While each utility had special software requirements, all three needed a package with an open architecture that they could customize to meet each company's specific analysis requirements.


In 1998, Union Electric (AmerenUE) merged with Central Illinois Public Service Co. (AmerenCIPS) to form Ameren Corp. In the years before the merger, each company had its own circuit-analysis programs. The outputs from the programs were tabular reports, which were cumbersome and hard to interpret. Engineers had to sift through the reports to analyze the system, relating the report back to a system map for the “big picture” of circuit performance.

Over the years, legacy analysis tools were developed, including load flows, short circuits and adjacent feeder tie capacity, as well as protective-device coordination and capacitor-placement programs. The challenge was finding a graphical software tool that would satisfy all of Ameren's analysis needs.

In the mid 1990s, AmerenUE started developing a graphical-analysis program with the functionality of the legacy tools. The utility decided to use EPRI's DEW and finished the first interface with its AM/FM/GIS system by 1997. Ameren deployed DEW as a client-server database application that warehouses analysis models for more than 50 engineers scattered across Illinois and Missouri. A similar interface was developed for the AmerenCIPS' AM/FM/GIS system. These implementations create DEW circuit models automatically from Ameren's AM/FM/GIS system and its legacy transformer load-management system. The interface recognizes any changes made to the AM/FM/GIS system during the day and incrementally updates the DEW models at night. Therefore, the circuit models are never more than one day out of sync with the most recent AM/FM/GIS data.

Ameren's DEW model of the distribution system contains approximately 1.3 million nodes to model 930 substations with 3250 feeders with 600,000 load data points. Interconnected multi-substation models involving more than 40,000 nodes have been created and analyzed. These models are used to study contingency switching in the event that a substation transformer fails. The DEW reconfiguration/restoration module automatically performs the switching to isolate the failed transformer and pick up the load via neighboring feeders. The results show how much load the neighboring feeders can handle, and how much load a mobile substation must serve. The program allows Ameren to study hundreds of scenarios in a matter of minutes, as compared to manual trial-and-error solutions.

The DEW analysis tools have helped Ameren in several ways: critical studies have a much faster turnaround time than in the past; the graphical representation of the results is easy to interpret, the tools reduce the time required to review circuit performance; analysis is easy, resulting in more studies being performed to optimize investment in distribution facilities; and the models have been field verified many times confirming the accuracy of the results.

Detroit Edison

Detroit Edison had several problems to overcome to achieve its goal. The biggest challenge was digitally interpreting the company's mapping data. These problems were solved using customized applications developed around DEW's open architecture.

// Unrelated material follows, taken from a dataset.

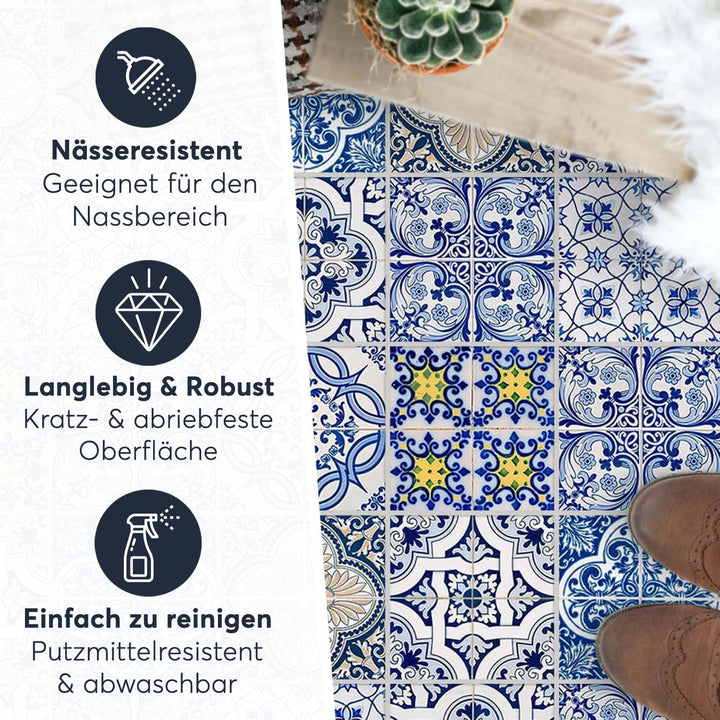 Fliesensticker für - [ Boden Fliesen ] - Aufkleber Folie Sticker für Fliesen Boden - Küche oder Bad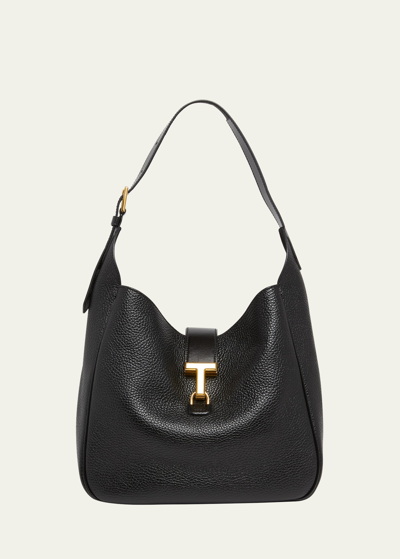 Tom Ford Monarch Medium Hobo Bag In Leather In Black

The Detroit Edison mapping system does not have information on electrical connectivity or phasing between graphical elements. The maps look great when viewing entire circuits, but closer examination revealed that many parts didn't actually touch. These components are electrically connected in the field, but many components were drawn 50 ft (15 m) from where they should connect in the mapping system. Two application modules were developed so that DEW could intelligently interpret the mapping data.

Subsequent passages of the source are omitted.